> [DATA]

════════════════

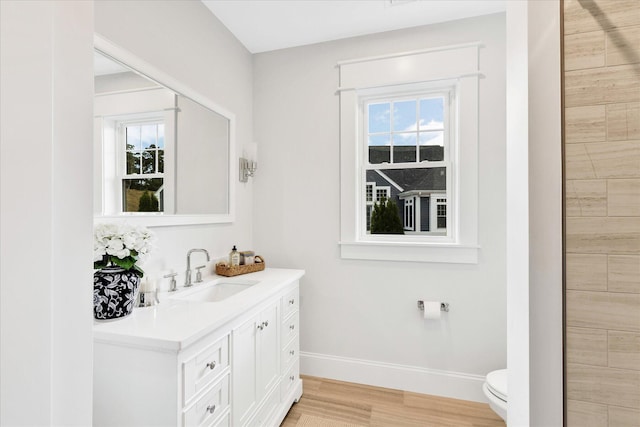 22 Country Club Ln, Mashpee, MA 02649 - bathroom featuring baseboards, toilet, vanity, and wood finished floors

════════════════

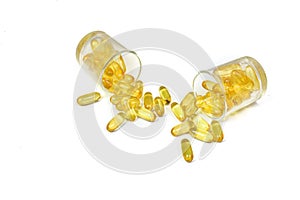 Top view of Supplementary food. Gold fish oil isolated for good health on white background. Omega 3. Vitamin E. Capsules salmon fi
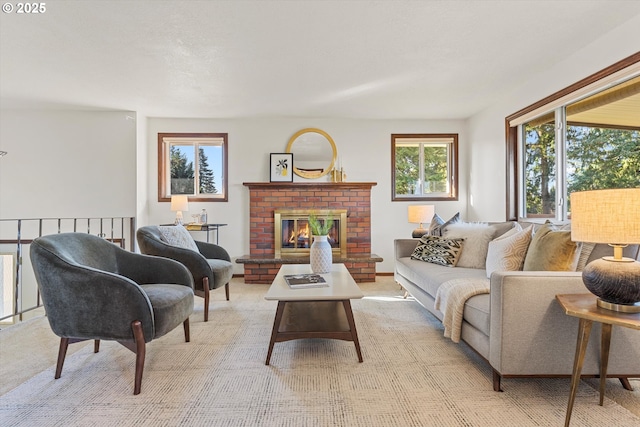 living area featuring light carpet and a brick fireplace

════════════════

> [WORK TO COMPLETE] Would you give again, exactly, the lines in the data above that run from the line containing "Top view of" to the line containing "living area featuring"? Include both ends and no pictures.

> [WRITTEN RESPONSE]
 Top view of Supplementary food. Gold fish oil isolated for good health on white background. Omega 3. Vitamin E. Capsules salmon fi
 living area featuring light carpet and a brick fireplace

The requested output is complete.